An excerpt and short introduction by the author, John C. A. Manley…
Hands on hips, she stood behind the counter, glaring at me.
“No face, no service,” she said clearly and firmly.
“What?” I blurted as the door swung closed behind me, jingling a bell. “You mean: No mask, no service — right?”
“No face, no service,” she repeated with all the sharpness of a knife swiftly slicing bread. “This is a bakery, not a bank.”
The overwhelming smell of fresh sourdough penetrated the polyester mask stretched over my nose, mouth and chin. I took a few slow steps towards the counter separating us, shaking my head in non-understanding.
“A bank?” I almost gasped. “What are you talking about?”
The twenty-something girl with a slight German accent raised a hand mirror from the countertop and aimed it at me.
“You look like a bank robber.”
So opens the first chapter of my forthcoming novel, Much Ado About Corona: A Dystopian Love Story – a book I hope will help derail the corona craze before it’s too late.
“…politicians, governments fear books,” says Richard Evans, author of the New York Times bestseller The Christmas Box, in an interview. “Every revolution started with a book. Every single one of them — whether it is religious, cultural or political — there is always a book at the base of it.”
Uncle Tom’s Cabin had such an effect on the Civil War. When Lincoln met author Harriet Stowe he’s been quoted as saying: “So this is the little lady who started this great war.”

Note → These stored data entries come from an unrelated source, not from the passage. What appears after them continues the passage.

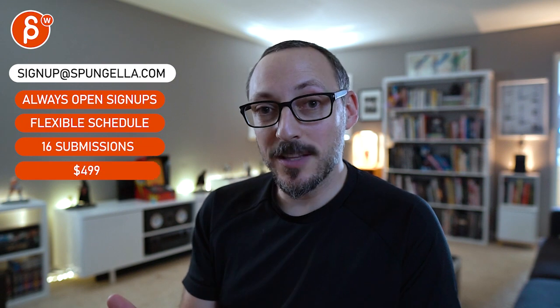Hope that makes sense — thanks! There's an email link, you can sign up and start whenever you want, submit whenever you want. You get 16 submissions either way. A like and subscribe would be awesome — thank you!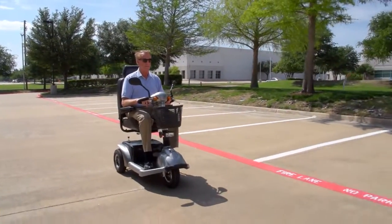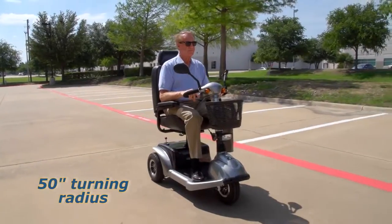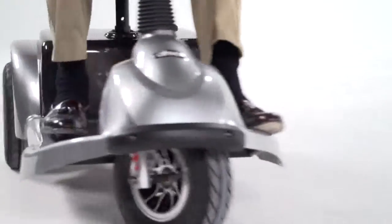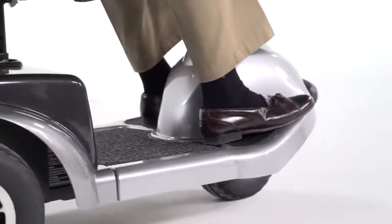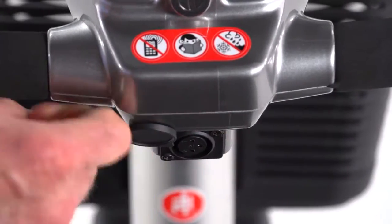With the Prowler 3-wheel version, you get great maneuverability in smaller spaces with a 50-inch turning radius and an extended footboard which benefits taller riders. And when the battery gauge shows the need for recharging, it's simple via the port on the control panel.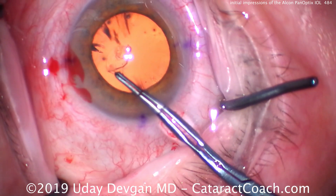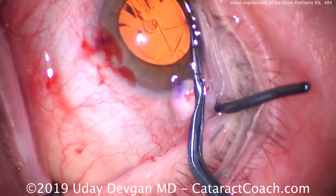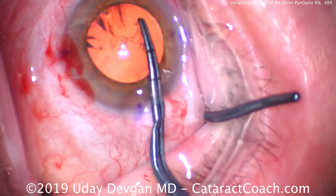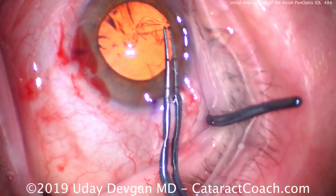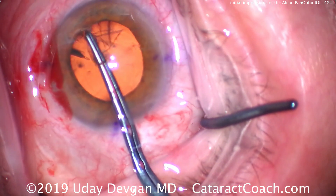It's important to have a good 5 to 5.5 millimeter capsulorrhexis in order to overlap this IOL and hold it in good position, especially with relation to both the toric power at the correct meridian, as well as lining up the central rings of this lens with the patient's visual axis.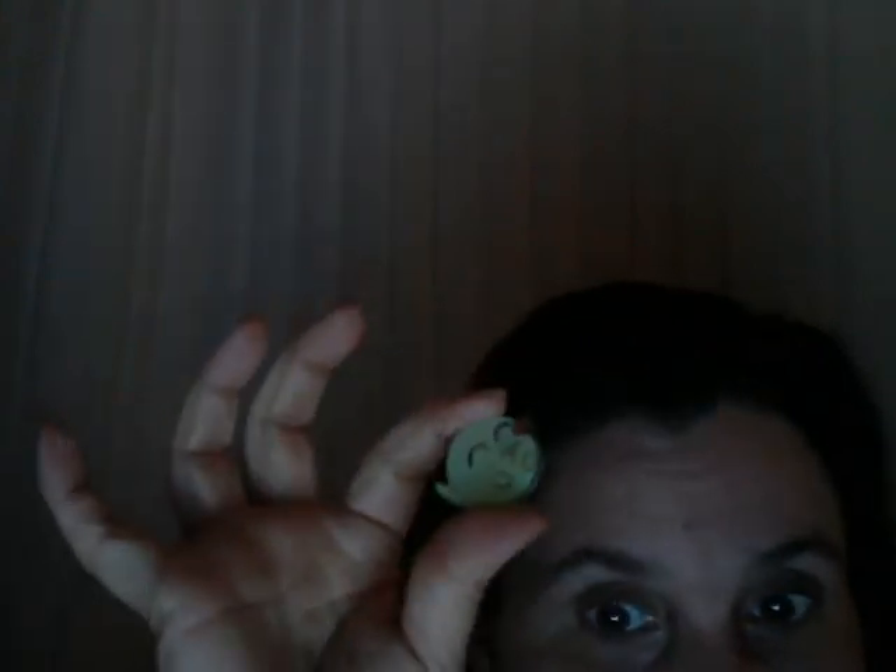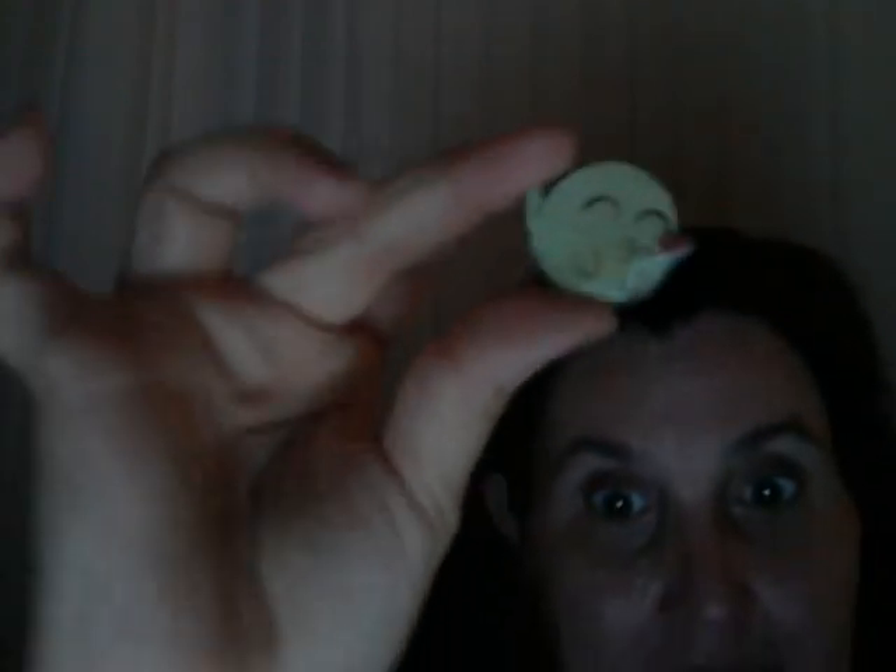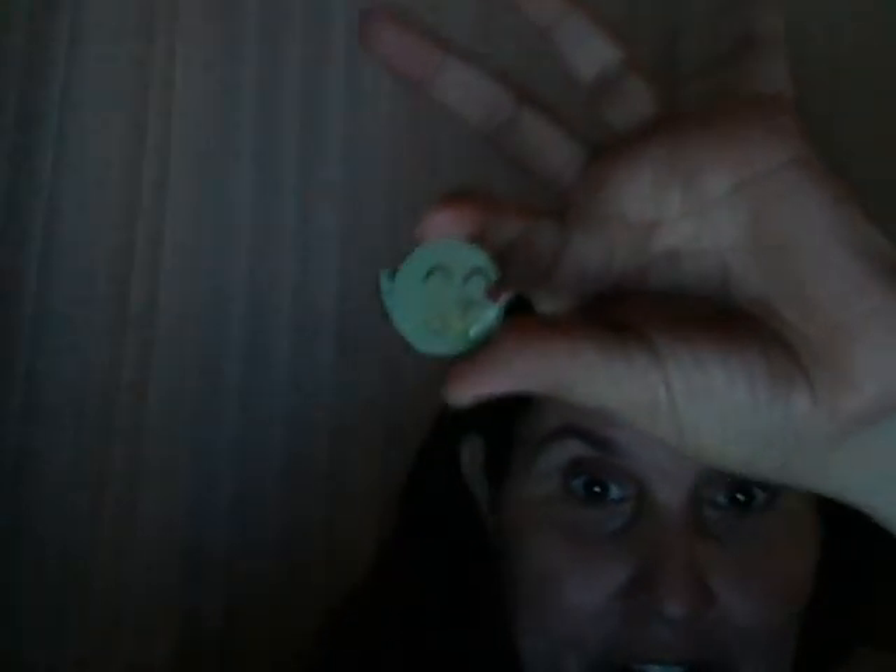I'm just like, oh my God, I'm beside myself. I've got to find it — I'm hoping it's still available somewhere else. I'm looking for it. Cross your fingers guys.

Alabama author Mark Childress credited Harper Lee’s To Kill a Mockingbird with having a similar impact on the civil rights movement: “I think the book really helped [white people] come to understand what was wrong with the system in the way that any number of treatises could never do, because it was popular art…”

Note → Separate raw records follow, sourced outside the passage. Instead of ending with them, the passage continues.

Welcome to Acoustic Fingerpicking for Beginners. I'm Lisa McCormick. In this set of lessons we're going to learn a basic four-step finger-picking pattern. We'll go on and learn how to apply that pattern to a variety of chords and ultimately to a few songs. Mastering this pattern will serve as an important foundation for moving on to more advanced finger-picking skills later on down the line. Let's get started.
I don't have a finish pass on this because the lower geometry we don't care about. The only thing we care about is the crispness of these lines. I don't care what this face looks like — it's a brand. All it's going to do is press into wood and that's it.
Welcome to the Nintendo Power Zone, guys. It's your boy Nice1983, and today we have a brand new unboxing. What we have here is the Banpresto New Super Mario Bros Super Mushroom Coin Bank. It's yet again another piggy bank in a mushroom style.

Likewise, in the battle against totalitarianism, here are five dystopian classics:
- Aldous Huxley’s Brave New World
- George Orwell’s 1984
- Ray Bradbury’s Fahrenheit 451
- Alan Moore and David Lloyd’s V for Vendetta
- Margaret Atwood’s The Handmaid’s Tale
Back in March of 2020, when lockdown began, I put down the urban fantasy novel I’ve been (re)writing for the last ten years; and picked up my pencil to write a short story set in a grim COVID future. 145,000 words later I was faced with a novel (and a sequel) about the novel coronavirus: Much Ado About Corona: A Dystopian Love Story. It’s a story which seeks not to predict the outcome of the corona hoax but to prevent it. After six hundred hours of work (and counting), I expect the novel will be released by autumn 2021.